# Funktion in einer Oracle-DB aufrufen



## gaess (31. Aug 2004)

Hi Leute,

hab ein riesen Problem.
Ich habe bisher von meinem Programm aus eine Oracle-Prozedur ohne Returnwert gestartet. Das ging auch ohne Probleme.
Jetzt ist allerdings aus der Prozedur eine Funktion geworden und ich muss mit dem Returnwert der Funktion in meinem Javaprogramm weiterarbeiten.
Wie kann ich den Returnwert in einer Variable speichern???
Hoffe ich habs verständlich erklärt.

Danke schon mal jetzt.

Gaess


----------



## thE_29 (31. Aug 2004)

welchen Retournwert?
Von was redest du 

Machst du was mit PLSQL oder SQL*PLUS in oracle?

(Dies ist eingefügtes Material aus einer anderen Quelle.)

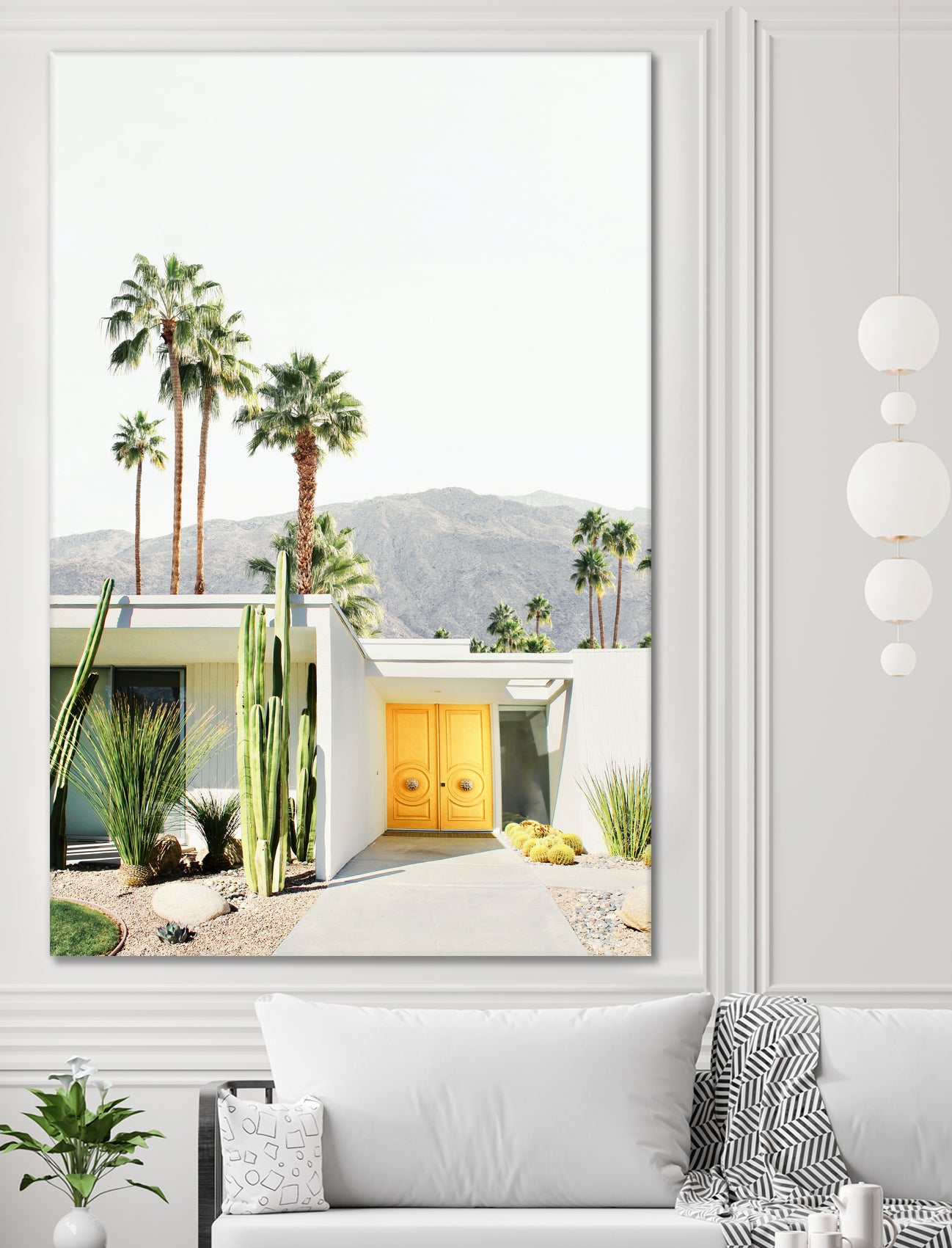 Palm Springs 2 by Kathrin Pienaar on GIANT ART -  framed canvas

und diese rückgabe willst du abspeichern?


----------



## P3AC3MAK3R (1. Sep 2004)

Folgender Quellcode sollte Dir weiterhelfen:

http://javaalmanac.com/egs/java.sql/CallFunction.html


----------



## Raven (1. Sep 2004)

Hi,

wenn ich Dich richtig verstanden habe, sollte folgendes helfen:
Als SQL-Statement:  select deine_funktion(...) from dual
Dann kannst Du wie bei jedem anderen Statement auch mit preparedStatement.getObject(1) den ersten ermittelten Wert bekommen.
Wenn Du allerdings bei den Funktionsparametern ein OUT Parameter hast, musst Du Dir etwas anderes überlegen, denn das geht nicht.
Gruss

Raven


----------